Tornado Valley’s transformation complete

Tornado Valley capped his incredible rise from the middle grades of Canterbury racing to the top of Australasia’s trotting ranks by winning the $A150,000 (NZ$158,475) Interdominion Trotting Final at Melton on Saturday.

The New Zealand-bred, driven by Kate Gath, made a flying start  from the mobile arm and crossed to the lead, effectively ending their rivals’ chances.

The 100-to-one outsider Sky Petite threatened to pull off one of the biggest upsets in Interdominion history in the home straight, but Tornado Valley stuck his neck out under Gath’s urgings to win the 2760m feature by a neck.

The victory was the Skyvalley 7yr-old’s 18th in 21 starts since joining Andy Gath’s Victorian stable.Tornado Valley left New Zealand the winner of just seven of  57 starts.

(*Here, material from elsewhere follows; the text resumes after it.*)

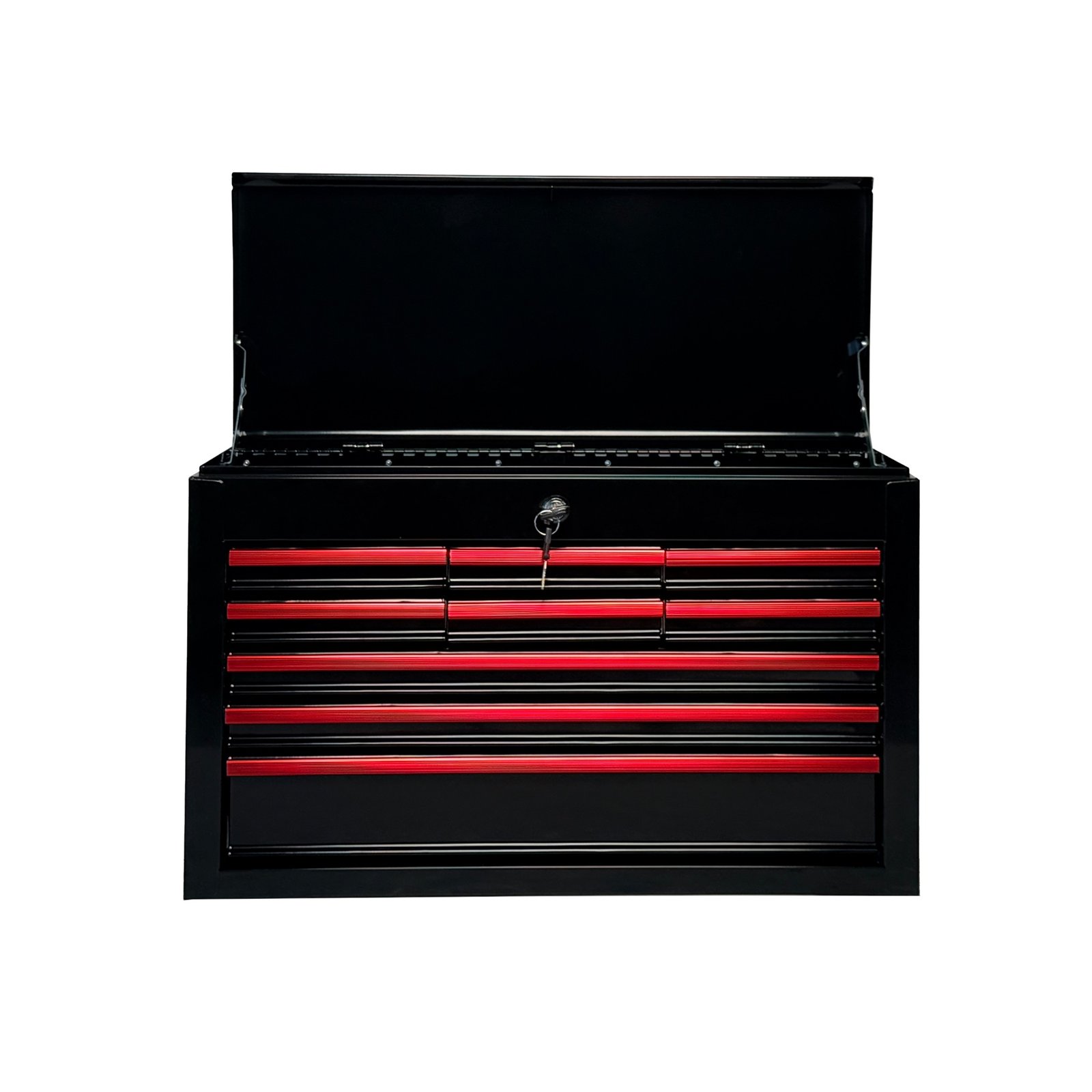Heavy Duty Metal Tool Box, 24-inch, Portable Metal Tool Box with 9 Drawers, Small Tool Chest with EVA Liners, Ball Bearing Slide Drawers Locking & Powder Coated Finish, Multi-Function Tool Organizer - Image 9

"When he first come to me, I didn’t have him long before we raced him.  He was probably a little bit highly strung and a little bit light  when I first got him. The horse had a good appetite and I feed them pretty big, so it might just be a combination of feeding and in our stable environment [that] he just seems to do well in my programme", Gath said.

"I really can’t give you the reason. From day one we just liked him."

Gath was quick to  say  that Torando Valley’s former trainer, Terry McMillan, deserved recognition for developing the trotter.

"Credit has to go to Terry, too. He looked after him and didn’t race him too much as a young horse."

Gath said he had long been a  fan of Torando Valley  and tried at length to  buy the trotter for prominent owner, Norm Jenkins.

His wife, Kate, was not as enamoured when  she saw replays of the horse’s races in New Zealand.

"It was funny.

"I showed Kate some of his replays when All Lit Up goes flying past him and she said ‘What  did you buy that horse for?"’

Tornado Valley went some way to avenging the defeat of Gath’s former star trotting mare, La Coocaracha, in an

Interdominion  final. She  ran  second after being posted three wide by the winner, Game Bid, in the 2002 final at Harold Park. New Zealand  horses Speeding Spur and Monty Python  finished in  behind  Tornado Valley and Sky Petite in third and fourth respectively.

The warhorse Speeding Spur could not sprint with Torando Valley after sitting on his back throughout. Monty Python showed his worth on the big stage yet again with a creditable fourth placing, after racing three back on the pegs.

"He did us proud during the series," Oamaru trainer Phil Williamson said.

"He needed more pressure, but that is what you get with opportunist horses. You need pressure because the race is only going to be run your way occasionally."